• _What you are asked to do_
Reproduce verbatim the lines of the material below, starting at the line with "ZOISITE AND SILVER CUP" and ending at the line with "Phyllo-Wrapped Mustard & Cheese Chicken", both inclusive; skip the rest.

• _Supplied data_
>>
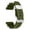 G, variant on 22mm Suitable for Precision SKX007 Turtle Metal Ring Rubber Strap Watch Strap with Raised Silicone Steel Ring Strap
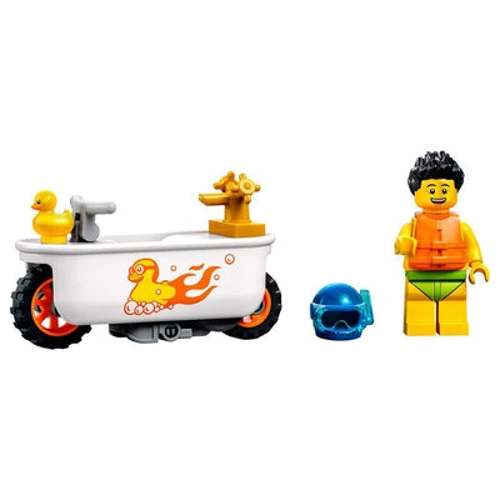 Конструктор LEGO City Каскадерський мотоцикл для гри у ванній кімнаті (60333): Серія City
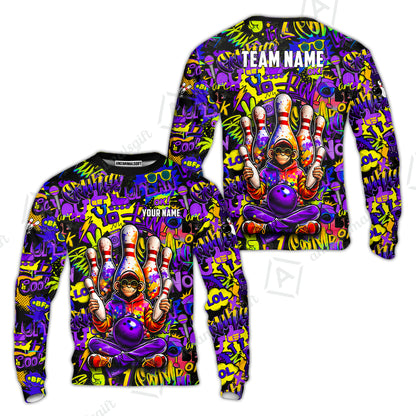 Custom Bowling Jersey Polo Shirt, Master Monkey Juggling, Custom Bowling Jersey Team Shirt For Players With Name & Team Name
<<
>>
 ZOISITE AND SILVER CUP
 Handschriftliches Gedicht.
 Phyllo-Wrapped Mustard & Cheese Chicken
<<
>>
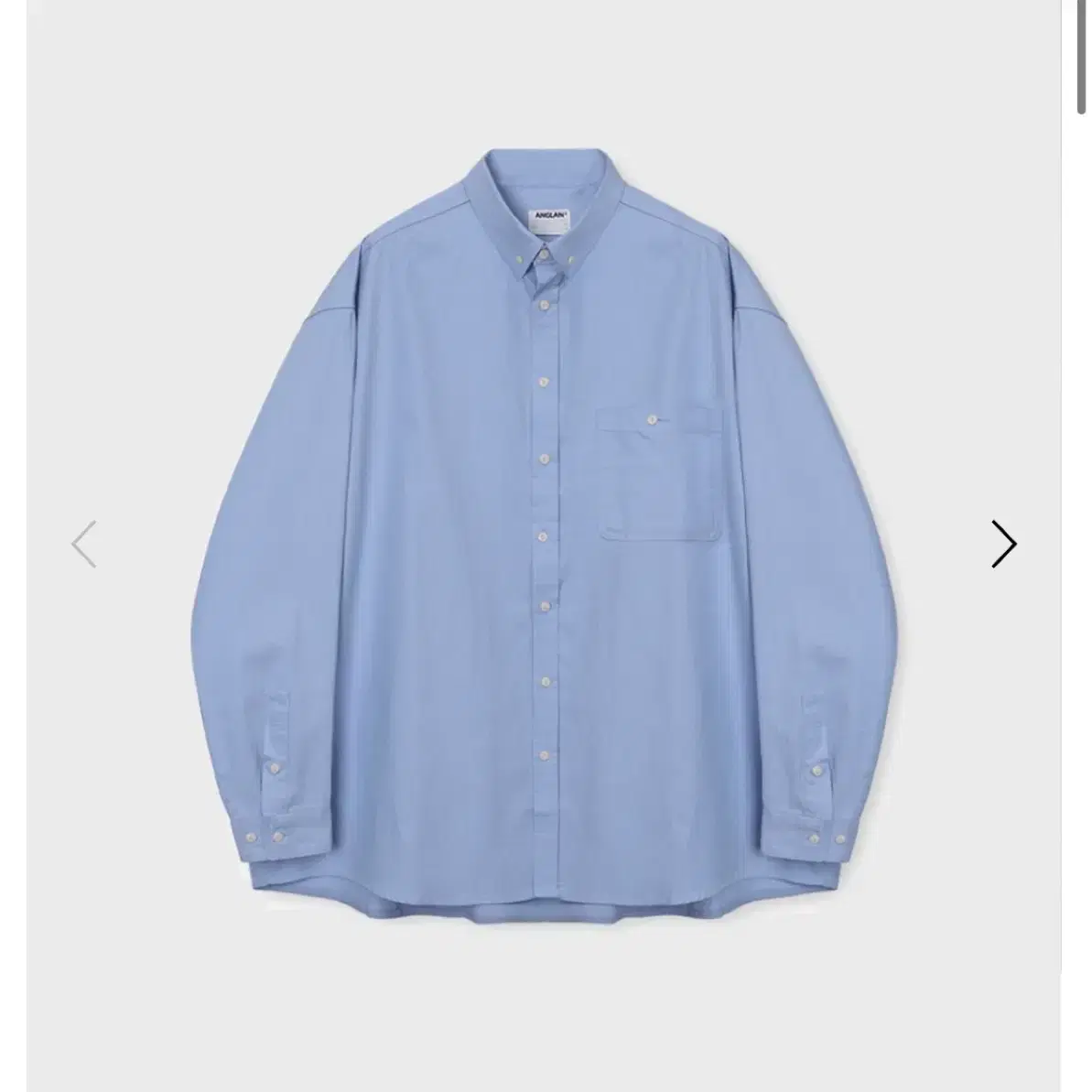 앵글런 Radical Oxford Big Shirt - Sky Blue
<<
• _Exercise output_
 ZOISITE AND SILVER CUP
 Handschriftliches Gedicht.
 Phyllo-Wrapped Mustard & Cheese Chicken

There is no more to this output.